● What to work on: Reproduce the listing below from the line with "南门网 海报 广告展板 地产 返乡置业 安家 高铁 红色 价值点" to the line with "Barcode set the", both lines included, character for character, minus any pictures.

● Information provided:
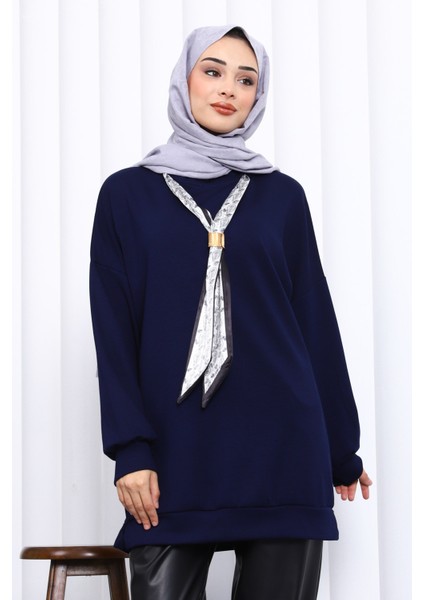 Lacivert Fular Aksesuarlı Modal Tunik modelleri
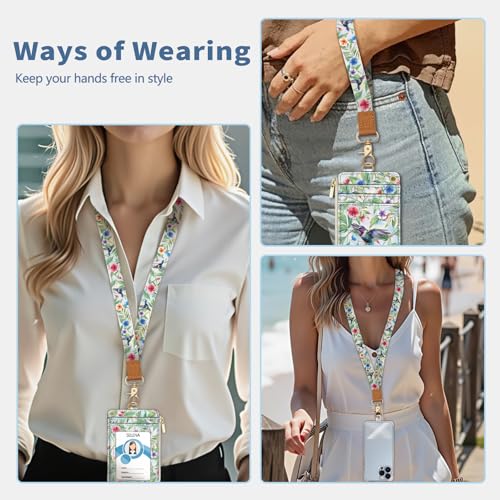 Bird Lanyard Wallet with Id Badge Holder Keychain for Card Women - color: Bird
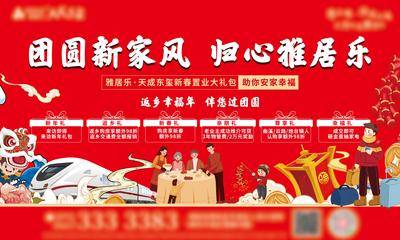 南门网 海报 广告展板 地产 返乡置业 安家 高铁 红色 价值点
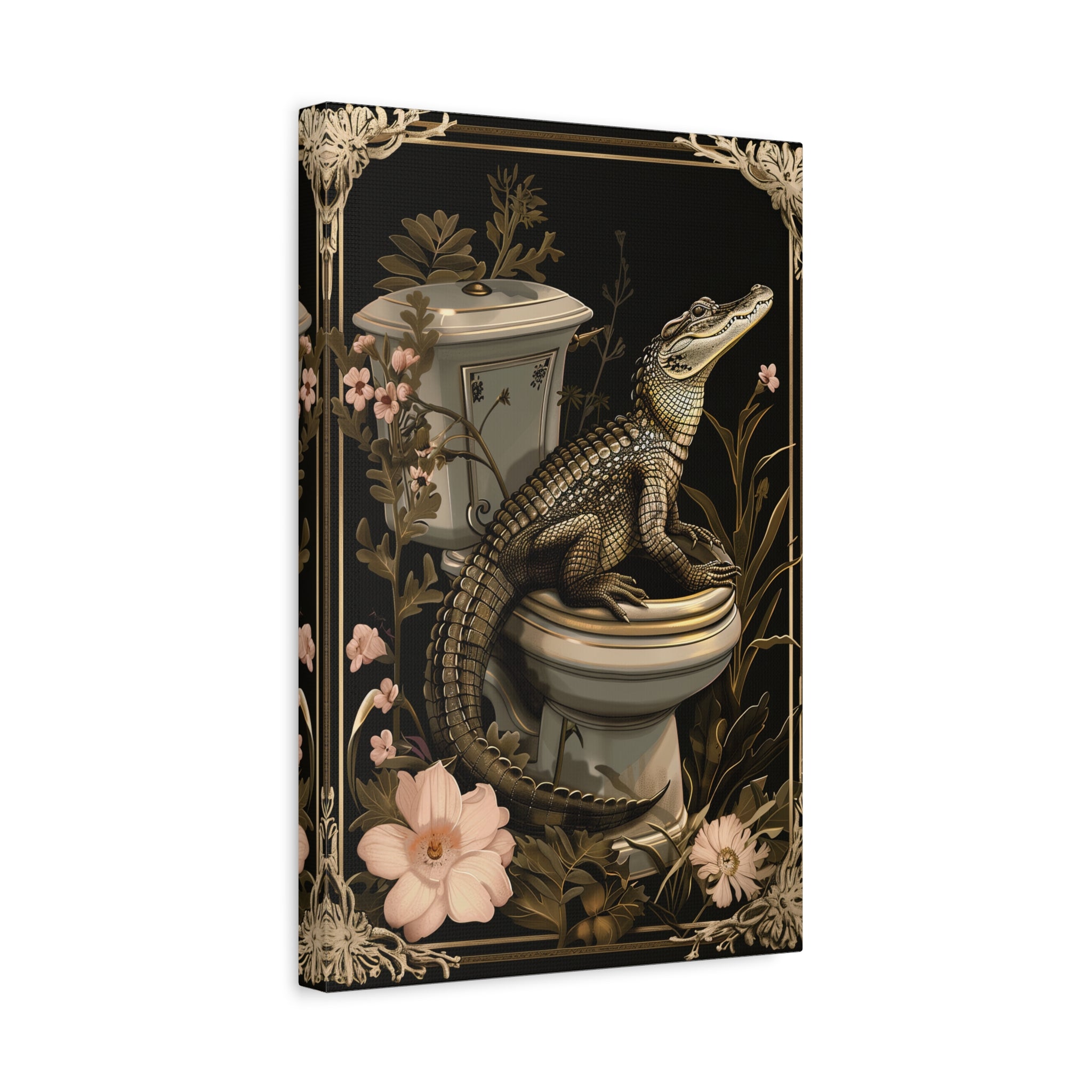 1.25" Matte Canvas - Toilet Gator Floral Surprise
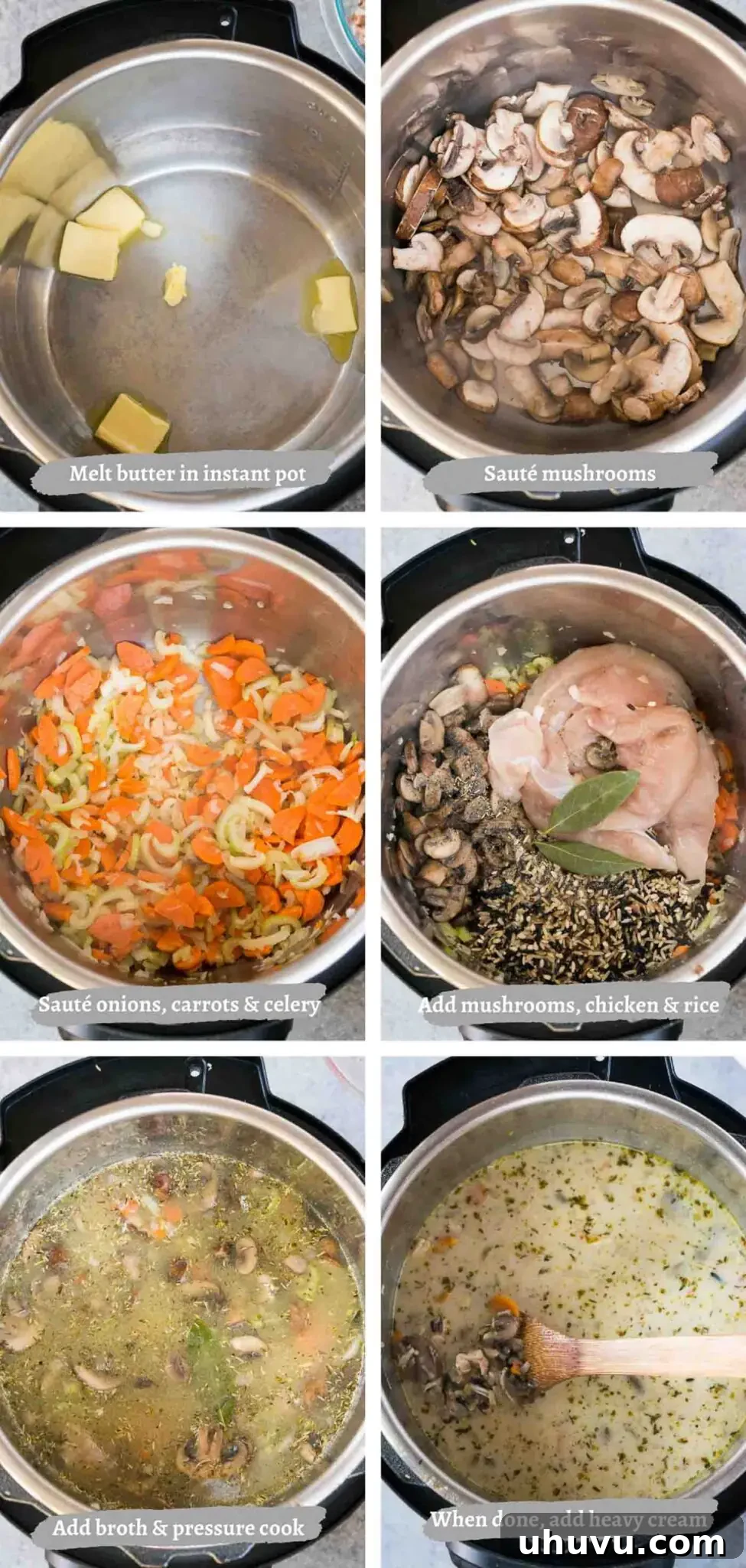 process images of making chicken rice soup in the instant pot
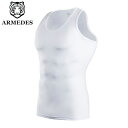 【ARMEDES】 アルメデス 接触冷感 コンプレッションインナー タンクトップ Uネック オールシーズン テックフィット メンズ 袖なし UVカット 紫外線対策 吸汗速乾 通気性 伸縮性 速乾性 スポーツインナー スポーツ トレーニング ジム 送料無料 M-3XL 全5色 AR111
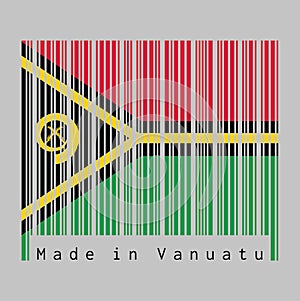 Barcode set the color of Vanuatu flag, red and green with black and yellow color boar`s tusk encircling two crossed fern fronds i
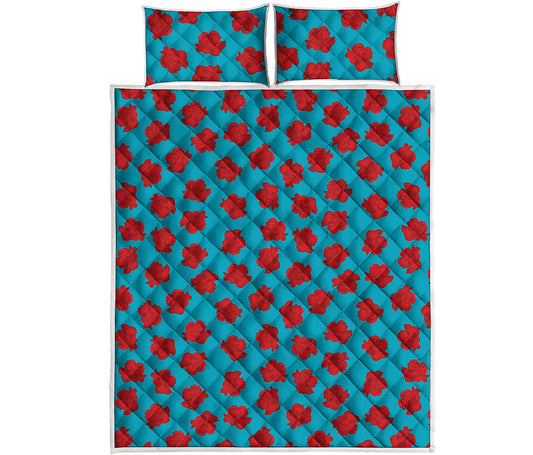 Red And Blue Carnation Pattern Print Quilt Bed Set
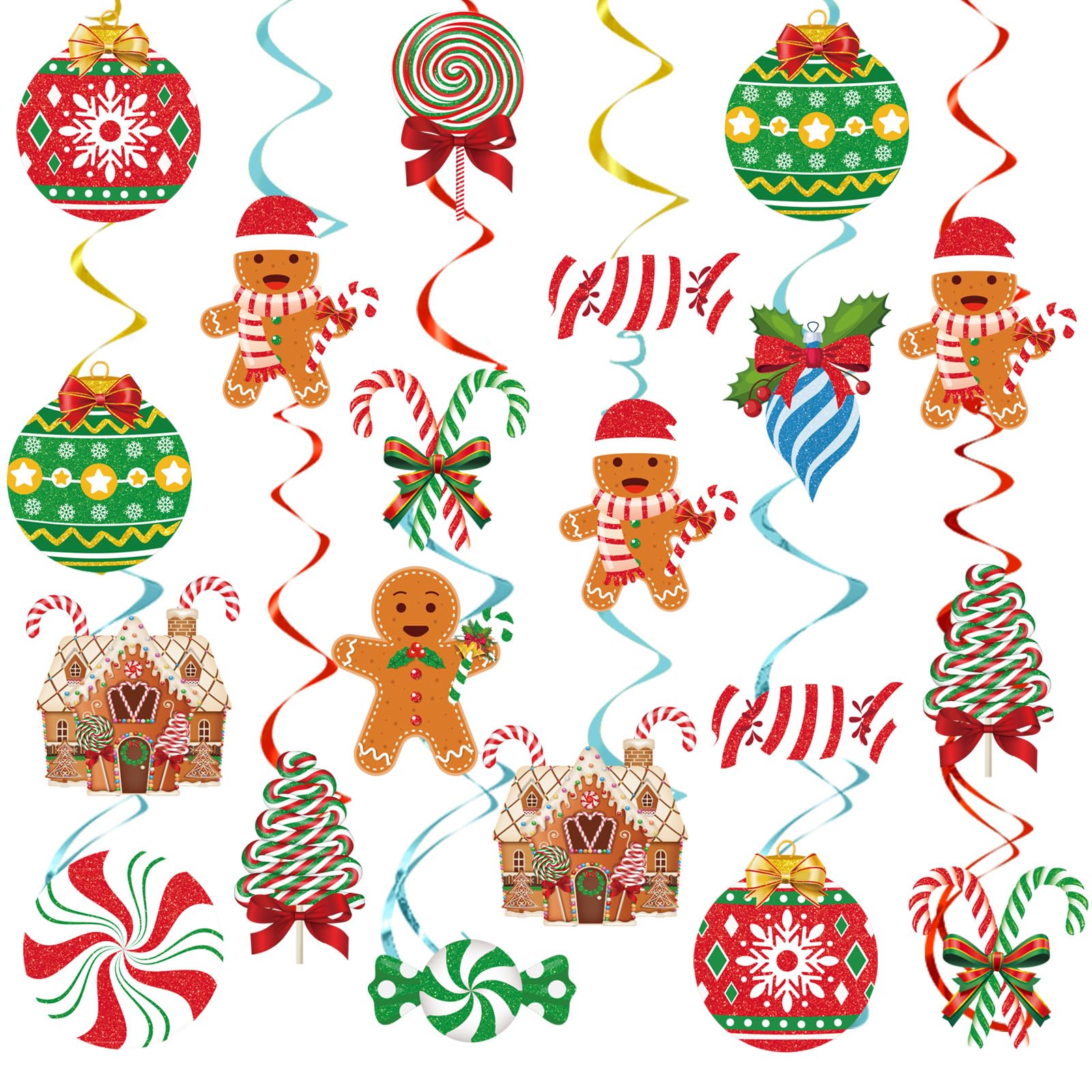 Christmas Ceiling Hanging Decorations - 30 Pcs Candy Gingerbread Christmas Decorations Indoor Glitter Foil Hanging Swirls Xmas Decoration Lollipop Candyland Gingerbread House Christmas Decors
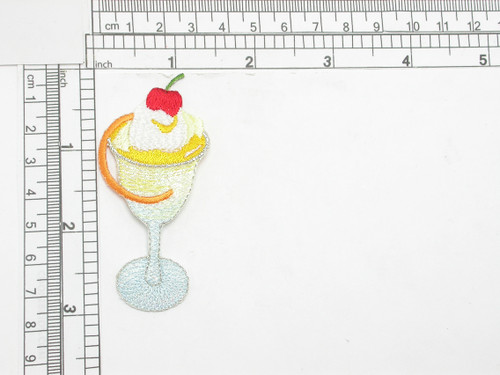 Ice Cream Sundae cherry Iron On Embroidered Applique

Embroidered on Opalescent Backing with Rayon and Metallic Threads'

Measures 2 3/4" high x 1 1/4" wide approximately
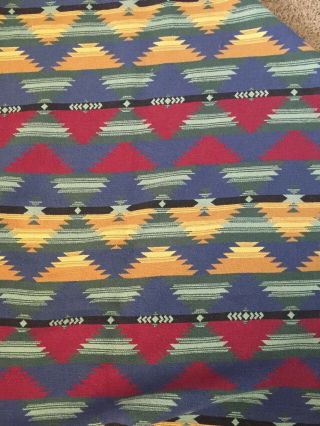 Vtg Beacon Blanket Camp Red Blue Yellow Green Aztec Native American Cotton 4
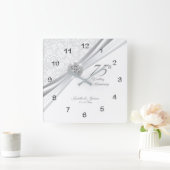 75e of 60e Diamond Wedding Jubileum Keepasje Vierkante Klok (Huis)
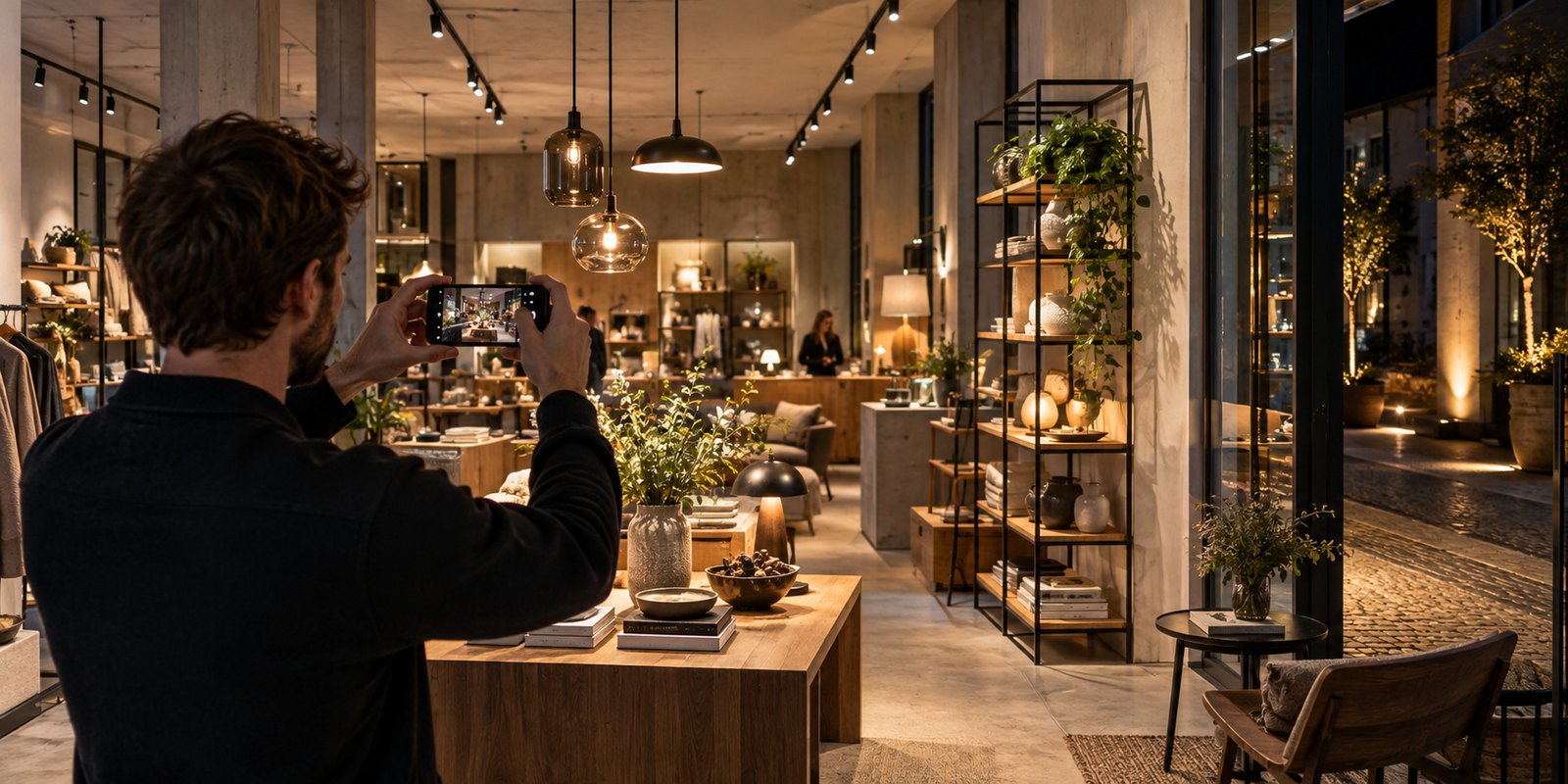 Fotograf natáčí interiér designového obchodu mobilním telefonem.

● Exercise result:
 南门网 海报 广告展板 地产 返乡置业 安家 高铁 红色 价值点
 1.25" Matte Canvas - Toilet Gator Floral Surprise
 process images of making chicken rice soup in the instant pot
 【ARMEDES】 アルメデス 接触冷感 コンプレッションインナー タンクトップ Uネック オールシーズン テックフィット メンズ 袖なし UVカット 紫外線対策 吸汗速乾 通気性 伸縮性 速乾性 スポーツインナー スポーツ トレーニング ジム 送料無料 M-3XL 全5色 AR111
 Barcode set the color of Vanuatu flag, red and green with black and yellow color boar`s tusk encircling two crossed fern fronds i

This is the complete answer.